Segment Open

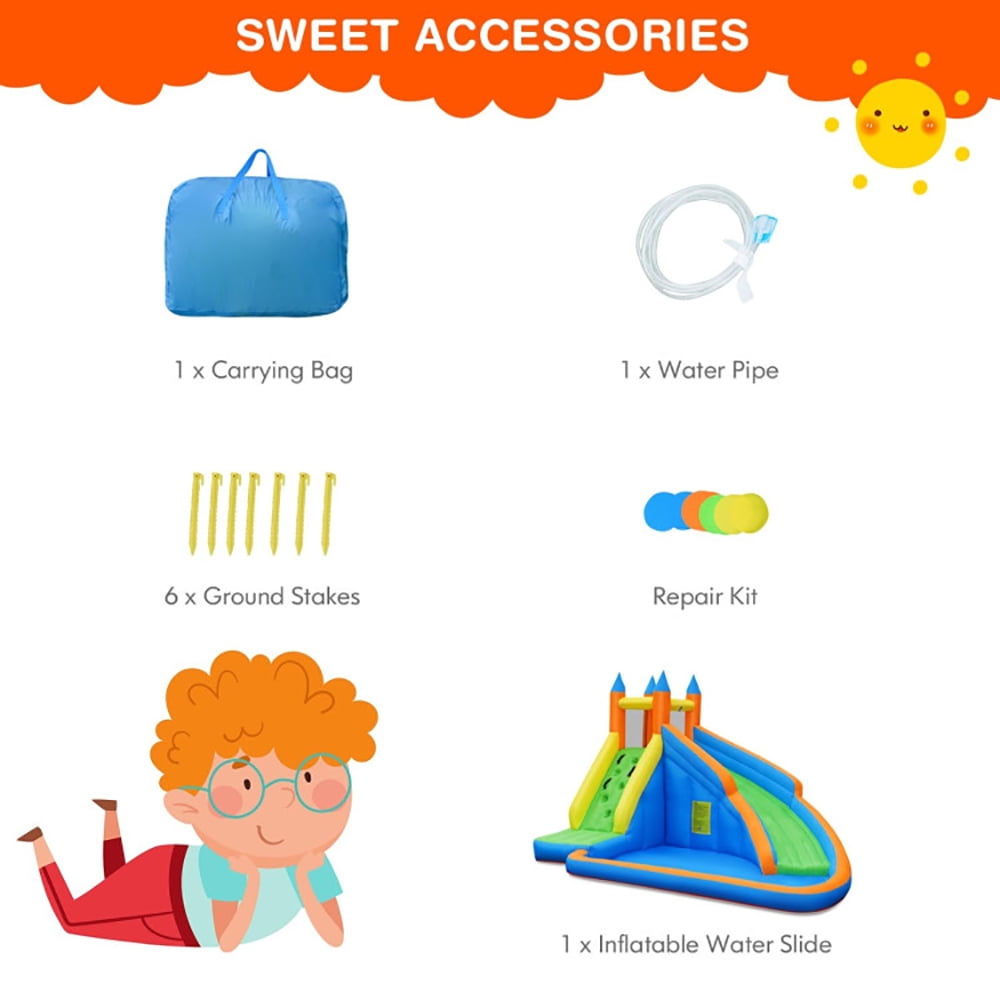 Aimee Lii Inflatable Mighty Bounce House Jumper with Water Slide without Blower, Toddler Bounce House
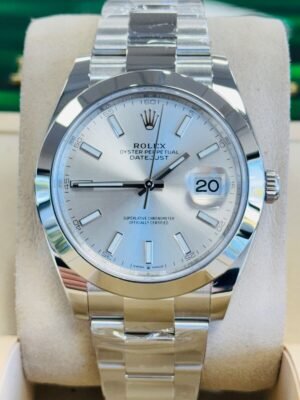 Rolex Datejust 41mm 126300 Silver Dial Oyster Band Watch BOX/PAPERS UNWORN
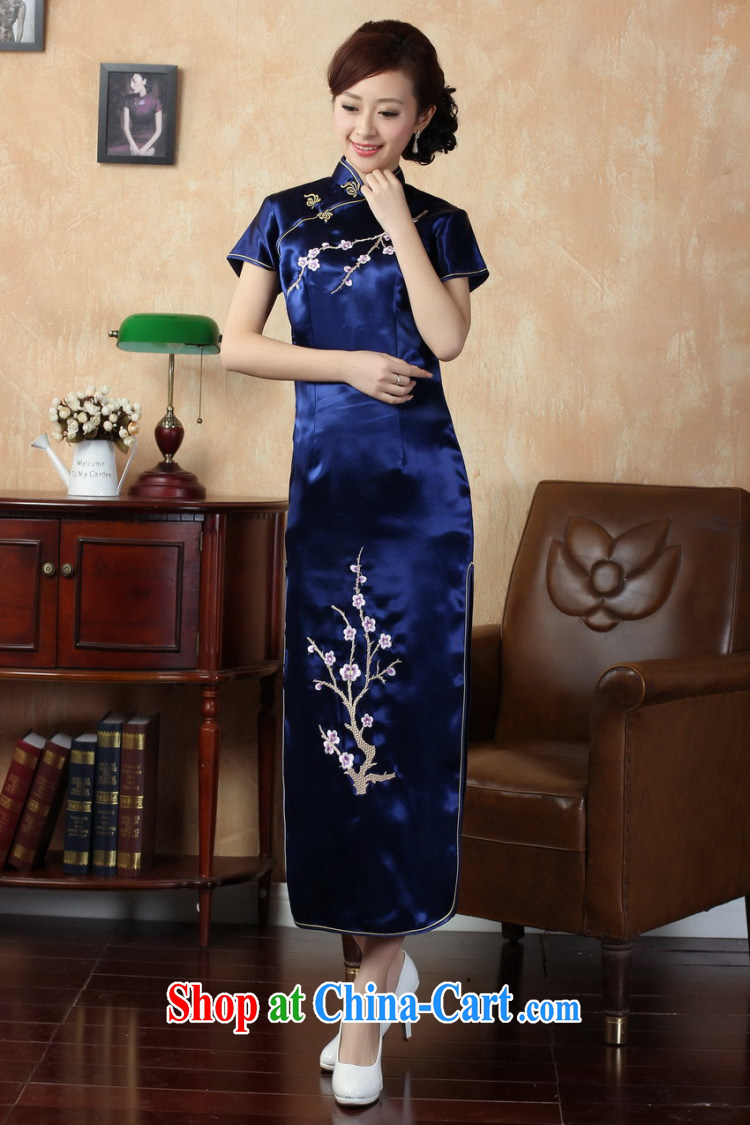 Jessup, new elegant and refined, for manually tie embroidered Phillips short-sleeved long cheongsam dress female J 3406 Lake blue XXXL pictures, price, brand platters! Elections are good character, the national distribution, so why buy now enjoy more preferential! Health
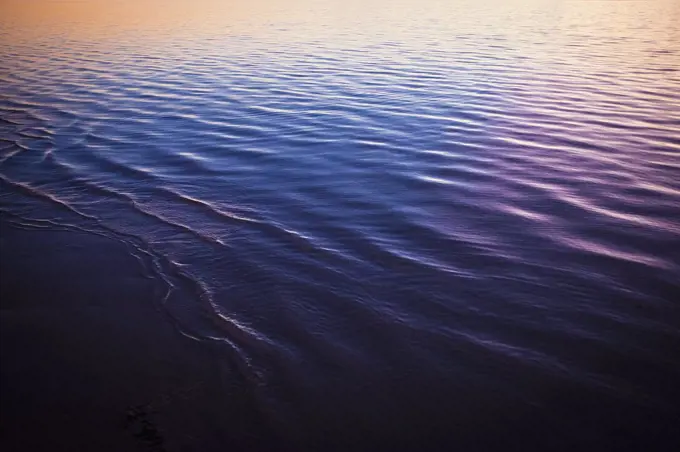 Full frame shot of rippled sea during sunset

Segment Closed

● **Directions for this task**
Everything from the first line of the listing above through the line that contains "Rolex Datejust 41mm" is to be restated word for word, minus the pictures.

● **Solved exercise**
 Aimee Lii Inflatable Mighty Bounce House Jumper with Water Slide without Blower, Toddler Bounce House
 Rolex Datejust 41mm 126300 Silver Dial Oyster Band Watch BOX/PAPERS UNWORN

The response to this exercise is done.